Wie wir mit unseren Gefühlen umgehen, haben wir in unserer Kindheit erlernt. Menschen, deren Eltern in der Kindheit Gefühle zuließen und offen damit umgingen, haben als Erwachsene oft einen besseren Zugang zu ihren Emotionen als jene, deren Eltern das Verdrängen oder Unterdrücken von Gefühlen vorlebten.

Jeder von uns hat seine Wut wahrscheinlich schon mal heruntergeschluckt, um Ärger zu vermeiden. Oder wir sind plötzlich explodiert und haben Dinge gesagt, die einem später leidtun. Schwierig wird es, wenn dies keine Einzelfälle sind, sondern Verhaltensmuster, die immer wieder zum Zuge kommen. Dann ist es wichtig, genau hinzuschauen, woher diese starken Reaktionen kommen, wie damit umgegangen werden und vor allem was in solchen Situationen hilfreich sein kann. Mitunter ist auch professionelle Hilfe erforderlich.

Quellen:
Udo Baer und Gabriele Frick-Baer: Das große Buch der Gefühle. Beltz, 2018 (5. Auflage).
Petra Bartoli y Eckert und Ellen Tsalos-Fürter: Weg mit der Wut! 101 Spiele zur Konflikt- und Gefühlsbewältigung. Verlag an der Ruhr, 2011.

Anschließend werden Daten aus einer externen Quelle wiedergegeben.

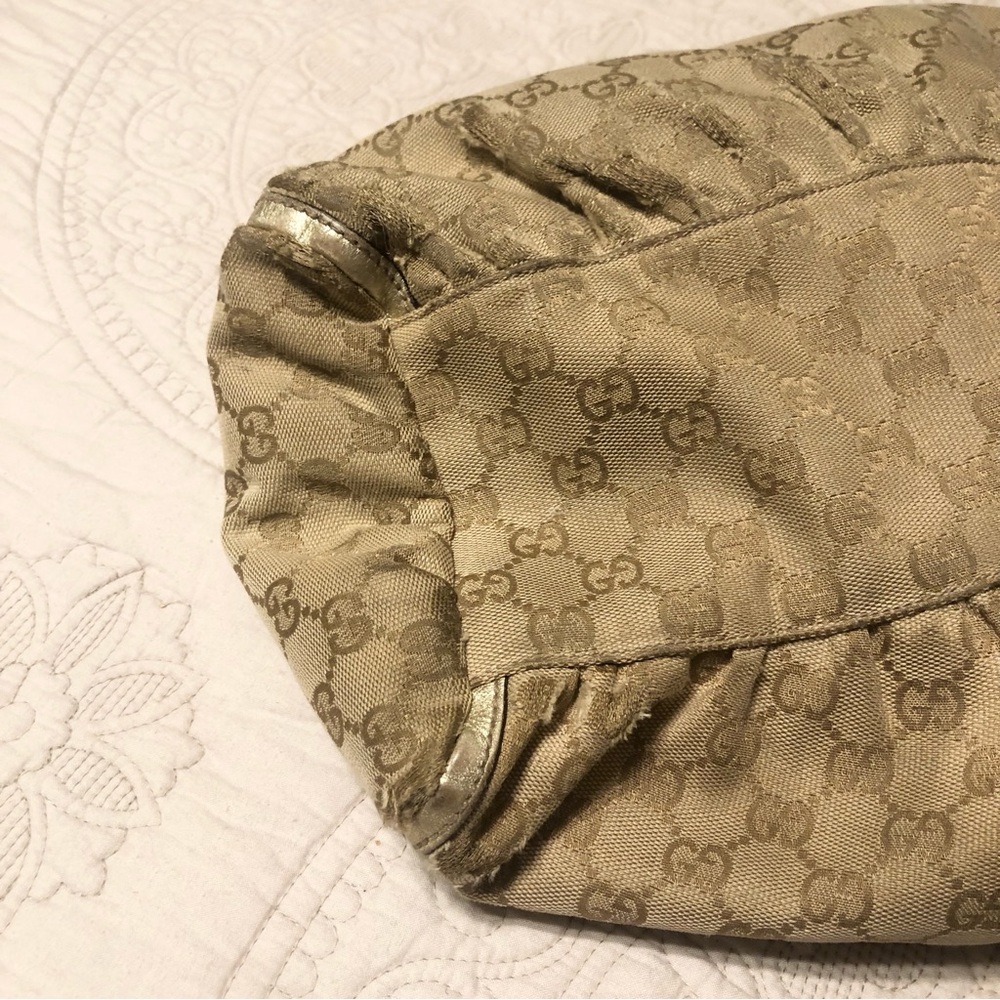 Gucci Beige and Gold Shoulder Bag - Picture 10 of 16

Alexandra Köhler: Echte Nähe zum Kind. Wie Eltern zu ihren Gefühlen finden und so ein harmonisches Familienleben ermöglichen. Kösel, 2022.
Jeannine Mik und Sandra Teml-Jetter: Mama, nicht schreien! Liebevoll bleiben bei Stress, Wut und starken Gefühlen. Kösel, 2019.
Nicola Schmidt: artgerecht. Das andere Kleinkinderbuch. Kösel, 2018.